Main

Credit: NPG

Enteropathogenic Escherichia coli (EPEC) can cause moderate-to-severe diarrhoea, which can sometimes be fatal, and is characterized by the presence of the locus of enterocyte effacement (LEE) pathogenicity island, which encodes a type III secretion system (T3SS) and various cognate effectors. The EPEC pathovar is generally distinguished from enterohaemorrhagic E. coli (EHEC) by the absence of shiga toxin (stx) and can itself be subdivided into typical EPEC (tEPEC), which has the plasmid-encoded bundle-forming pilus (BFP), and atypical EPEC (aEPEC), which does not. However, two new genomics studies suggest that the diversity of EPEC lineages and the genetic basis of virulence are more complex than is indicated by the tEPEC–aEPEC classification.

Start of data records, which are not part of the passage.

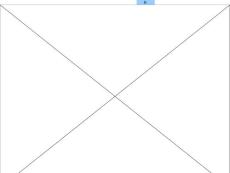 我喜愛的小動物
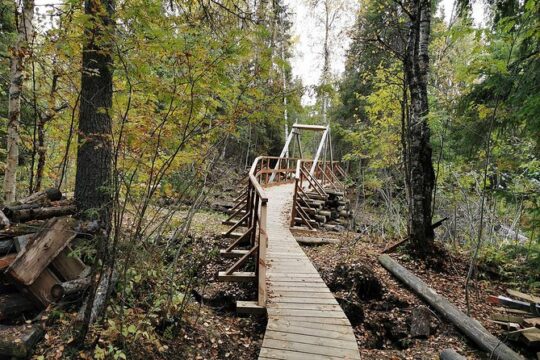 Rovaniemi: Vaattunkiköngäs Nature Trail Hiking Tour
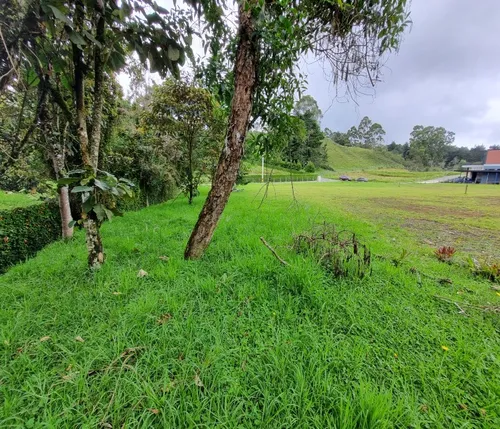 Lote En Venta En Alto De Las Palmas Vereda La Esperanza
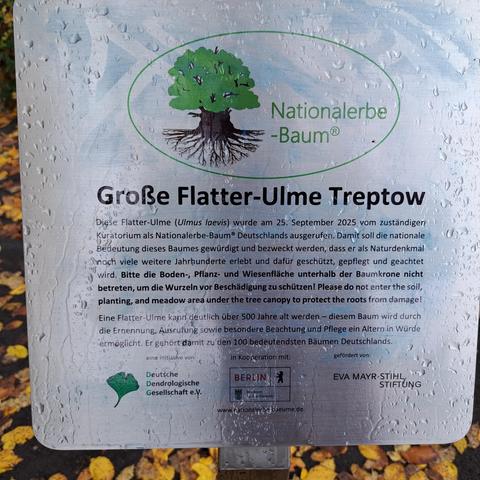 Schild: "Große Flatter-Ulme-Treptow. Diese Flatterulme wurde am 25.09.2025 vom zuständigen Kuratorium als Nationalerbe-Baum Deutschlands ausgerufen. Damit soll die nationale Bedeutung des Baumes gewürdigt und bezweckt werden, dass er als Naturdenkmal noch viele Jahrhunderte erlebt und dafür geschützt, gepflegt und geachtet wird.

Ingle et al.1 sequenced 196 aEPEC isolates from the Global Enteric Multicenter Study2 (GEMS) using the Illumina HiSeq platform and analysed these data together with sequences from an E. coli reference panel. They identified ten common clonal groups that accounted for 71% of the isolates; these isolates were widely distributed both geographically and throughout the E. coli phylogeny. By analysing the phylogeny of LEE in the context of de novo-assembled genomes, the authors found that LEE had inserted into the genome only once in each clonal group, at one of three conserved sites. The LEE phylogeny enabled the classification of the aEPEC isolates into three major lineages. The lineages could be further divided into 30 subtypes, each with a distinct set of non-LEE effectors that are encoded elsewhere in the genome. Four of the clonal groups had isolates with bfpA or stx, which indicates that some aEPEC lineages may have acquired the BFP-encoding plasmid and/or stx. The varied composition of non-LEE virulence genes may therefore influence the virulence of EPEC lineages.

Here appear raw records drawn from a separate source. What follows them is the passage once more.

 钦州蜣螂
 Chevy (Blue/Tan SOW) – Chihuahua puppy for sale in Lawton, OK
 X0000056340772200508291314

In a second study, Hazen et al.3 sequenced 70 EPEC isolates from the GEMS using the Illumina HiSeq platform, including isolates associated with 24 lethal infections, 23 non-lethal but symptomatic infections and 23 asymptomatic infections. Phylogenetic analysis of these isolates together with previously sequenced E. coli and Shigella spp. isolates revealed a greater diversity within the GEMS isolates than within prototype E. coli strains. Using an established multilocus sequence typing-based phylogeny of six lineages (EPEC1–6), the authors discovered that only 27 of the GEMS isolates clustered in these lineages. They proposed an additional four lineages (EPEC7–10) to describe 29 of the remaining isolates. However, 14 isolates, mostly from asymptomatic infections, did not cluster in any lineage, and almost half of these isolates lacked bfpA. Further analysis of this gene revealed no lineage specificity, which suggests that bfpA (and probably the plasmid on which it is encoded) may be subject to several independent loss and acquisition events in different lineages, as was also suggested by the findings of Ingle et al.1.

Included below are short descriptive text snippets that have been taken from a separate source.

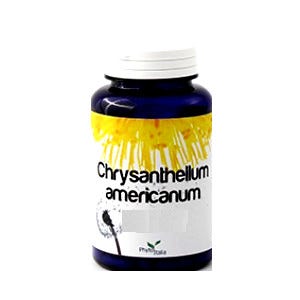GINKGO BILOBA 60 CAPSULES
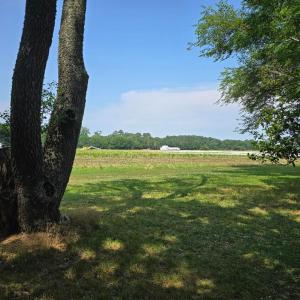 Photo #2 of 25421 DRUMMONDTOWN RD, DAUGHERTY, VA 0.3 acres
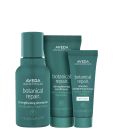 Kit Aveda Botanical Repair Tríade Mini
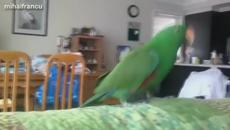 Папагали танцуват под звуците на най-популярните хитове в нета - Videoclip.bg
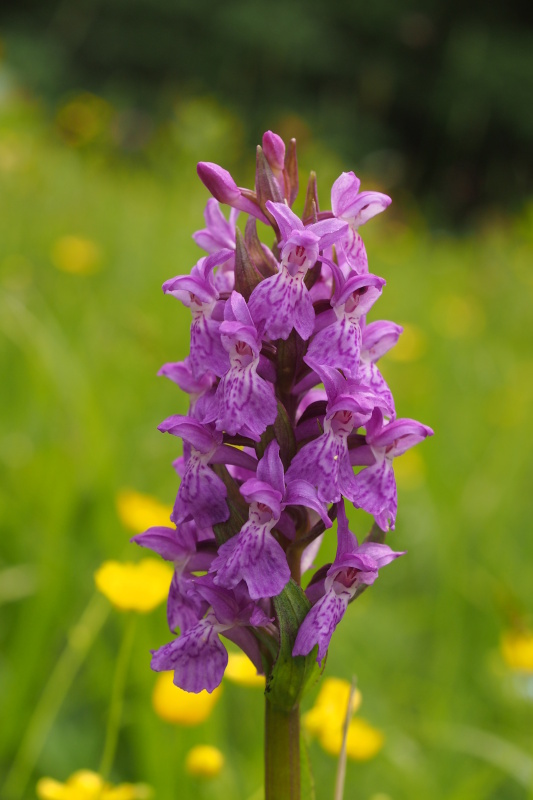 Prstnatec májový (Dactylorhiza majalis)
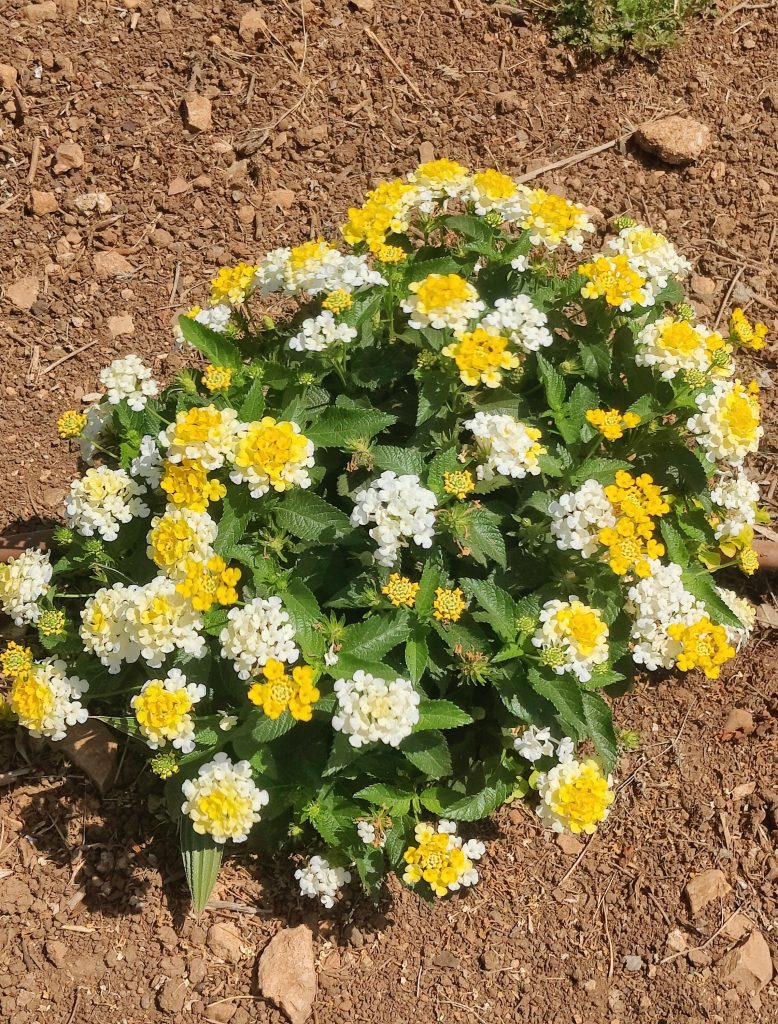 Lantana_Gem_Compact_Yellow_Topaz_full1_cut_up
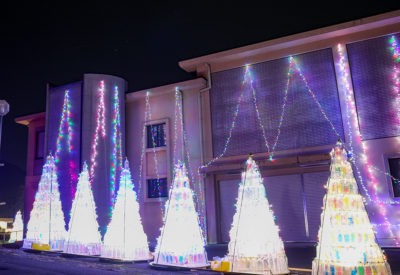 ボトルツリー 2023年限定生産 ボトル 】クリスマス ツリー型ボトル ロゼワイン500ml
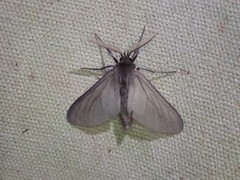 Apisa fontainei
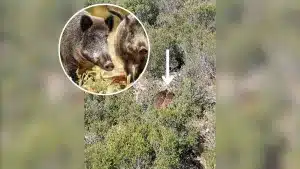 Dos grandes jabalíes protagonizan una huída con batalla incluída en una montería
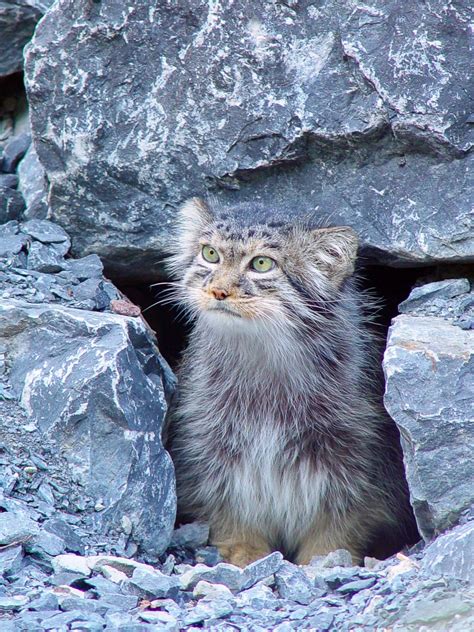 Pallas's Cat or Manul: Facts, Toxoplasmosis, and Conservation - Owlcation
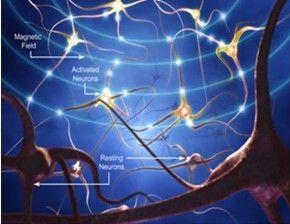 《自然神经科学:特化脑细胞抑制干细胞活性促进子代生存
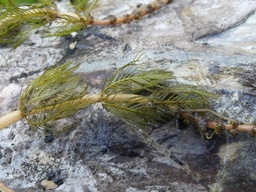 Myriophyllum spicatum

Using a comparative genomic analysis known as a large-scale BLAST score ratio4 analysis, a core genome composed of 1,080 gene clusters was analysed alongside clinical outcomes. Although some gene clusters were more prevalent in lethal and/or symptomatic infections, none of these gene clusters was associated solely with a single clinical outcome, which may suggest that no single gene or gene cluster is responsible for the severity of the clinical outcome. The authors propose that the clinical outcome may instead rely on the concerted function of several genomic regions and/or host factors, which may explain how EPEC from diverse lineages can produce similar clinical outcomes to one another.

Together, these two detailed genomic analyses highlight a possible oversimplification in the traditional division of the EPEC pathovar into aEPEC and tEPEC based on the presence or absence of BFP. Furthermore the analyses suggest that classifying EPEC as distinct from other E. coli pathovars on the basis of whether LEE is present in the genome may similarly be an oversimplification.